Instructions for the task:
Your reply should reproduce each entry exactly and contain no pictures.

%%

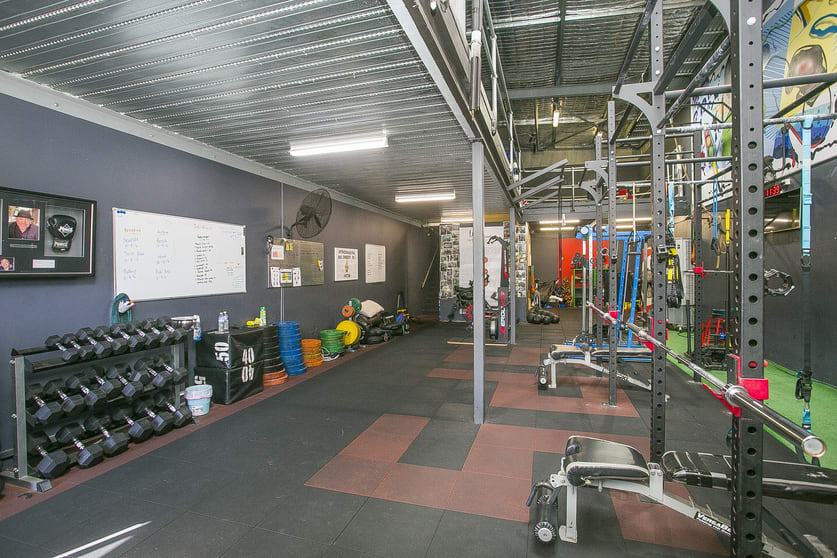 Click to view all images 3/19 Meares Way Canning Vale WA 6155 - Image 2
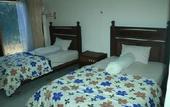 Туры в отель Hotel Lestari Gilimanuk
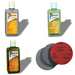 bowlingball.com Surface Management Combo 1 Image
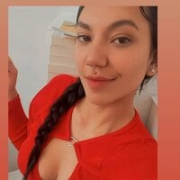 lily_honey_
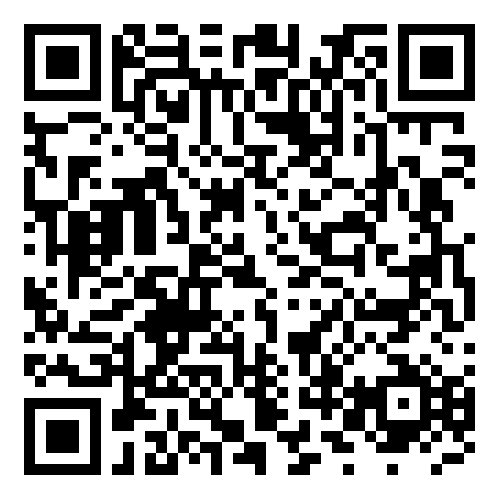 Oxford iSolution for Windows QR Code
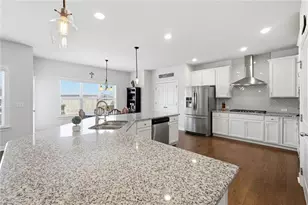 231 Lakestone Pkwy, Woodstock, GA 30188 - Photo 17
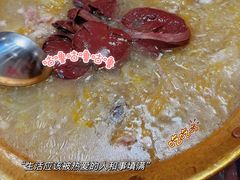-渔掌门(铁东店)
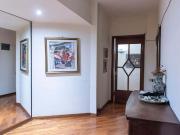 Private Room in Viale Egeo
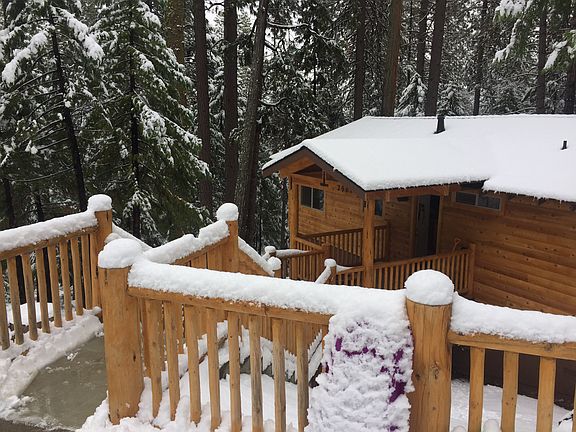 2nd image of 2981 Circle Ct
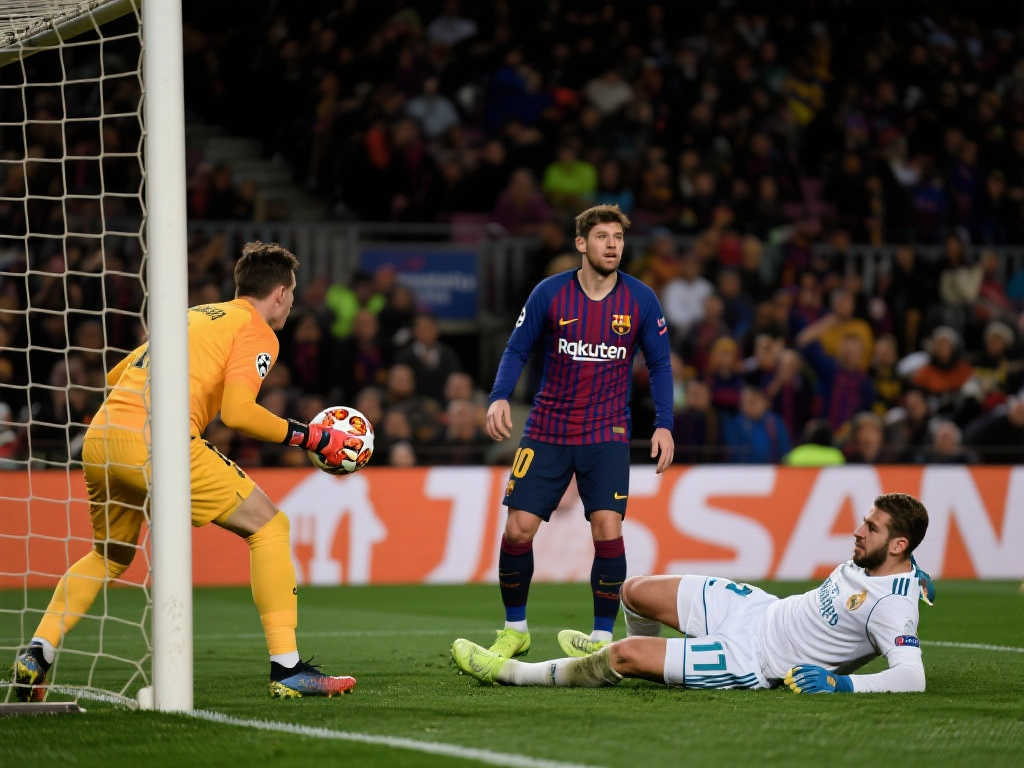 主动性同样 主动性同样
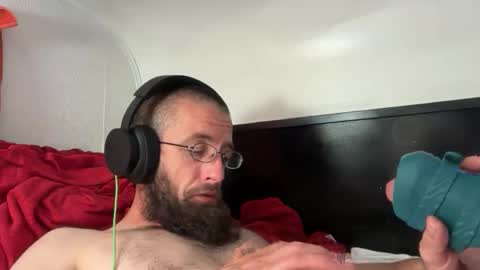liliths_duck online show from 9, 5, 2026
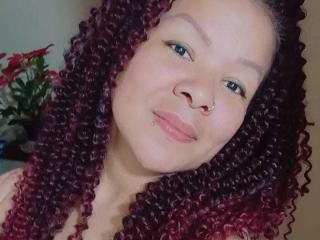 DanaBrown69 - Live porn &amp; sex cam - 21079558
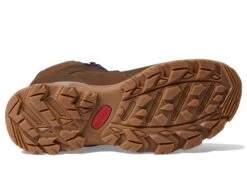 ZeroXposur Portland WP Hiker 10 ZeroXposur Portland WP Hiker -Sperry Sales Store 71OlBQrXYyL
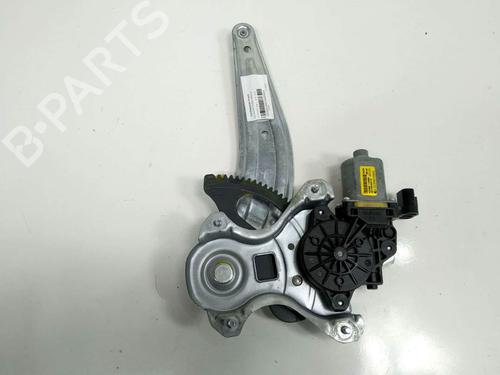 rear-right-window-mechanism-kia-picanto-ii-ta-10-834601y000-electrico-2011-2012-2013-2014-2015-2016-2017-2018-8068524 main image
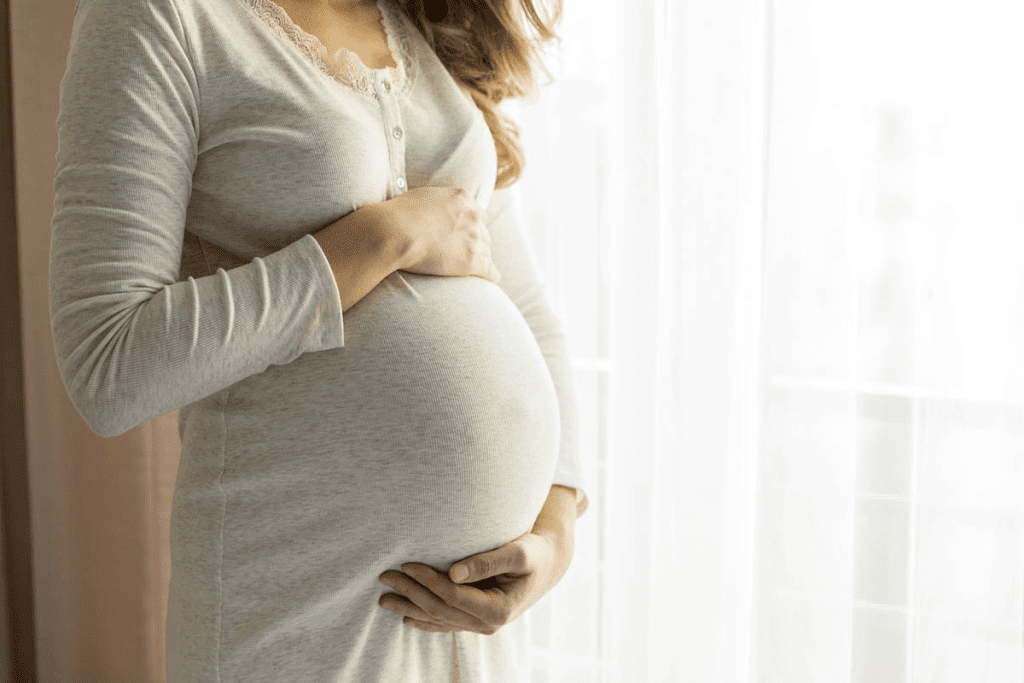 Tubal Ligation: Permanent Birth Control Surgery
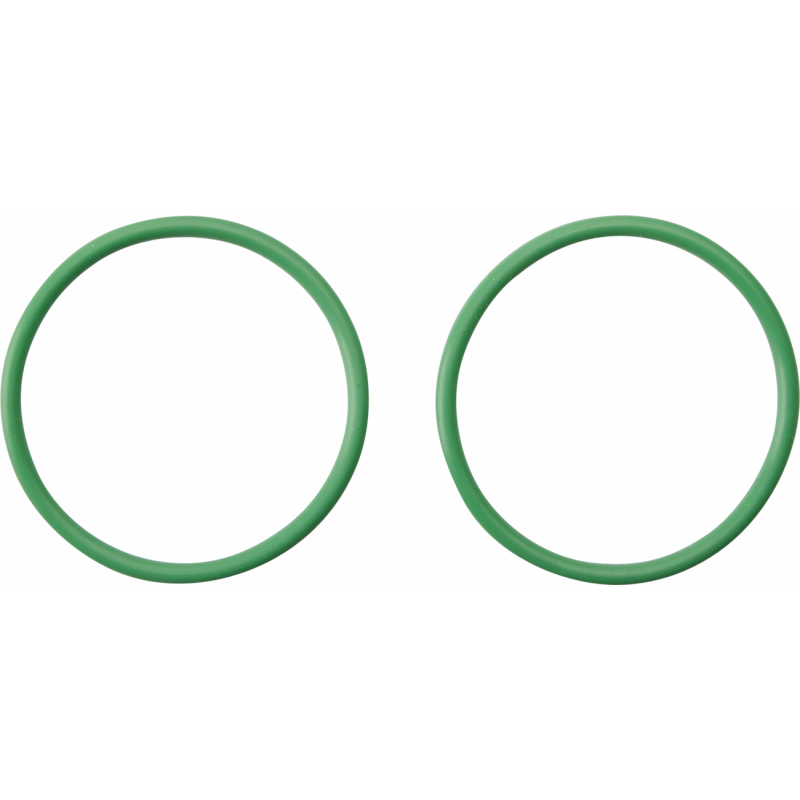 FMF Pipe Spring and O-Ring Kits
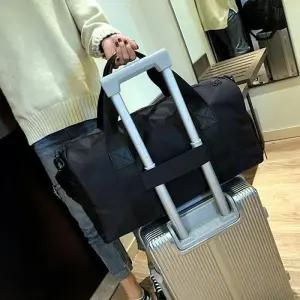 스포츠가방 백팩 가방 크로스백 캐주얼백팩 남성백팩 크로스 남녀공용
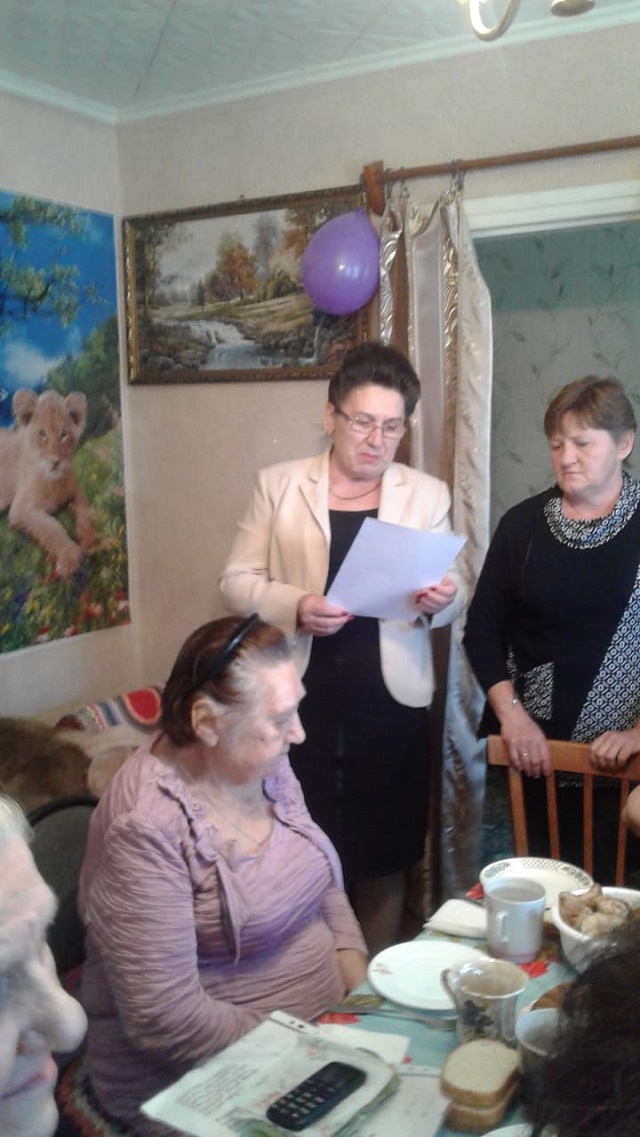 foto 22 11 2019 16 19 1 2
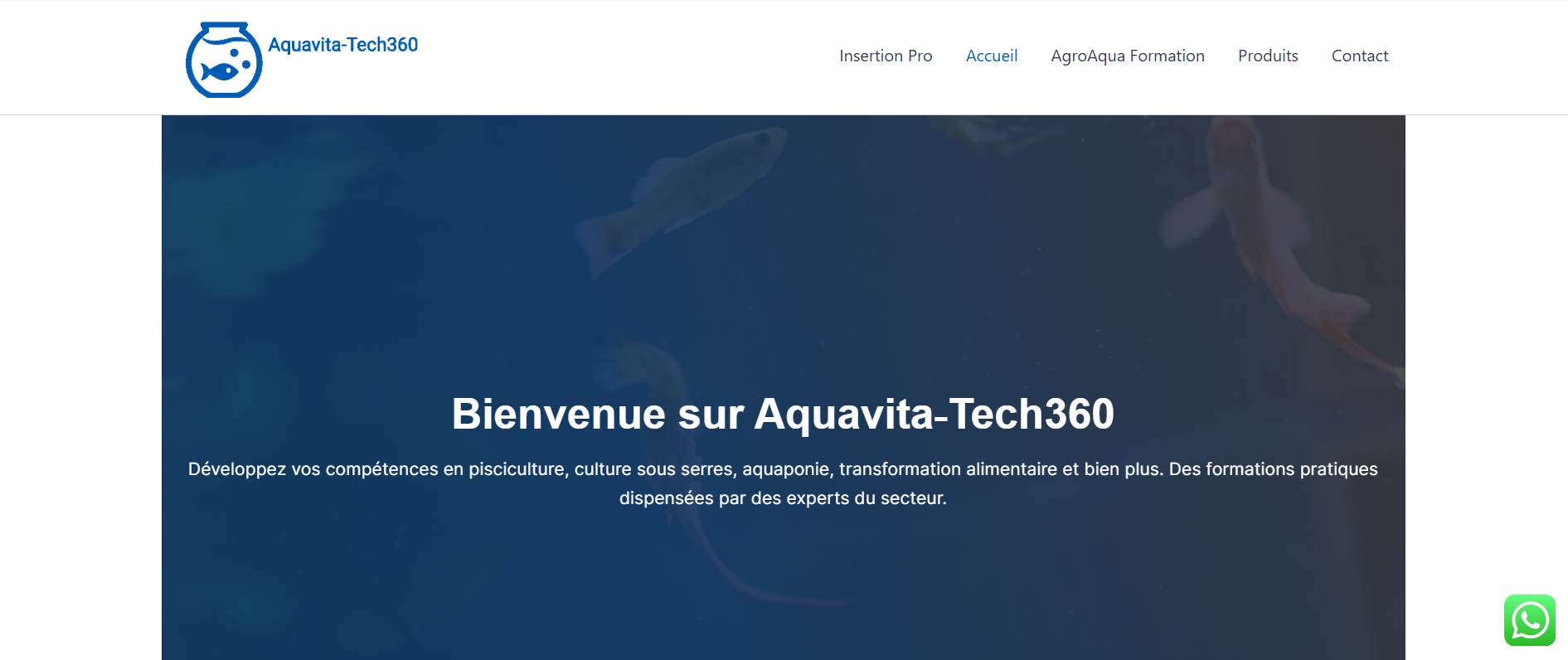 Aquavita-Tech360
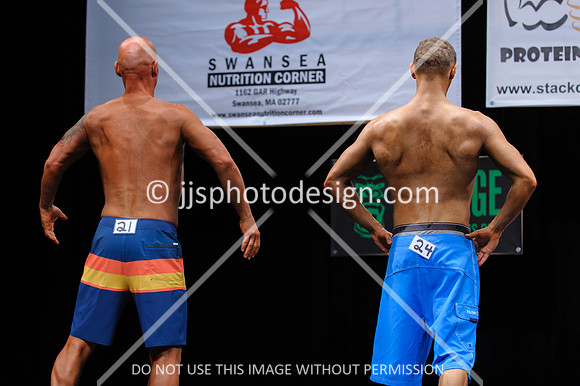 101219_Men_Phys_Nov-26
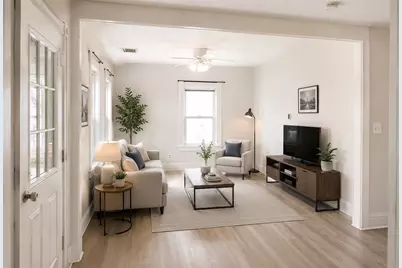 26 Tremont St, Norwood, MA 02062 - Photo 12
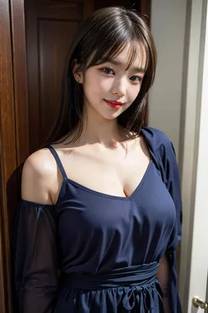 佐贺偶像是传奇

%%

Response box:
 Click to view all images 3/19 Meares Way Canning Vale WA 6155 - Image 2
 Туры в отель Hotel Lestari Gilimanuk
 bowlingball.com Surface Management Combo 1 Image
 lily_honey_
 Oxford iSolution for Windows QR Code
 231 Lakestone Pkwy, Woodstock, GA 30188 - Photo 17
-渔掌门(铁东店)
 Private Room in Viale Egeo
 2nd image of 2981 Circle Ct
 主动性同样 主动性同样
liliths_duck online show from 9, 5, 2026
 DanaBrown69 - Live porn &amp; sex cam - 21079558
 ZeroXposur Portland WP Hiker 10 ZeroXposur Portland WP Hiker -Sperry Sales Store 71OlBQrXYyL
 rear-right-window-mechanism-kia-picanto-ii-ta-10-834601y000-electrico-2011-2012-2013-2014-2015-2016-2017-2018-8068524 main image
 Tubal Ligation: Permanent Birth Control Surgery
 FMF Pipe Spring and O-Ring Kits
 스포츠가방 백팩 가방 크로스백 캐주얼백팩 남성백팩 크로스 남녀공용
 foto 22 11 2019 16 19 1 2
 Aquavita-Tech360
 101219_Men_Phys_Nov-26
 26 Tremont St, Norwood, MA 02062 - Photo 12
 佐贺偶像是传奇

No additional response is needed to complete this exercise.